Kim and Barry Plath are too controlling

Bronstein surmises the Plaths are having trouble "navigating this new uncharted territory" predominantly because Kim and Barry are intent on keeping their children "in a bubble." She explains that the parents' refusal to allow their kids to play video games or go online, and their insistence on having them dress a certain way, coupled with home schooling them, all contribute to this idea. Likewise, "from what the older kids are saying, the parents aren't as hands-on as they could be making sure that the kids are getting as much education as possible."

As Bronstein notes, when Micah and Moriah confronted their folks, they pointed out their lack of formal education. Although Kim and Barry insist that they want their children to exist in the real world and make their own decisions once they're of age, as far as Micah and Moriah are concerned, their parents didn't adequately prepare them for the real world because they actively kept them from it (via YouTube). Bronstein advises, too, "Kim blatantly tells the camera that she is concerned about the older kids negatively influencing the younger ones, so she does not want them to spend time together unsupervised."

Judgment will keep the Plaths apart

Internet commentators have been tearing Kim and Barry apart, particularly when it comes to daughter Lydia's prayer closet, which most viewers find creepy. As Bronstein acknowledges, "The main issue in the show continues to be the fact that Kim and Barry are too controlling." In particular, she points to how judgmental Kim is, noting it appears, "she lacks empathy or the ability to understand that not everyone will want to live their lives how she wants to live her life." Bronstein reckons Kim needs to acknowledge that judgment will keep the family apart, rather than bringing them together, because "it is impossible to connect with someone you judge or who you want to change in any manner."

Considering the younger kids will most likely follow Ethan, Micah, and Moriah's lead once the time comes, Kim will need to "learn to compromise someday if she wants to have a healthy working relationship with her children" because "too much co-dependency is not healthy." Bronstein explains the Plath parents are holding their children back as, "You will never know who you are and be a grown-up individual in the world if you rely too heavily on your parents' thoughts and opinions."

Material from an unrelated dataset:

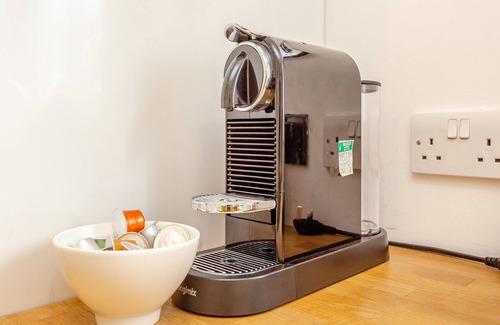 Kirkhill Cottage | This six-bedroomed manor has truly fantastic bedrooms.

It's up to Kim and Barry Plath to make things right

Although Kim is openly judgmental, Bronstein feels Barry is more willing to compromise. However, he has issues with Olivia that have, demonstrably, caused a serious rift with his son whom, as Bronstein points out, tried his best to appeal to his father's better judgment by pleading with him to treat Olivia better. "It is never easy when a parent doesn't accept a child's spouse. One would hope that parents would be happy for their child if their child is happy, but unfortunately, not all families work that way," Bronstein notes.

Although the Plaths might live off the grid to a certain extent, she notes that avoiding the world isn't doing them any good, as "it doesn't help when you are shut-off to being open to someone who has a different lifestyle than you. Not everyone in the world will be exactly like you, not your kids, and certainly not your kids' spouses." Bronstein warns it's up to the Plath parents to make things right with Ethan and Olivia. She notes, "If Kim and Barry could get past their limitations and judgments, things could be more harmonious, and they could work out something."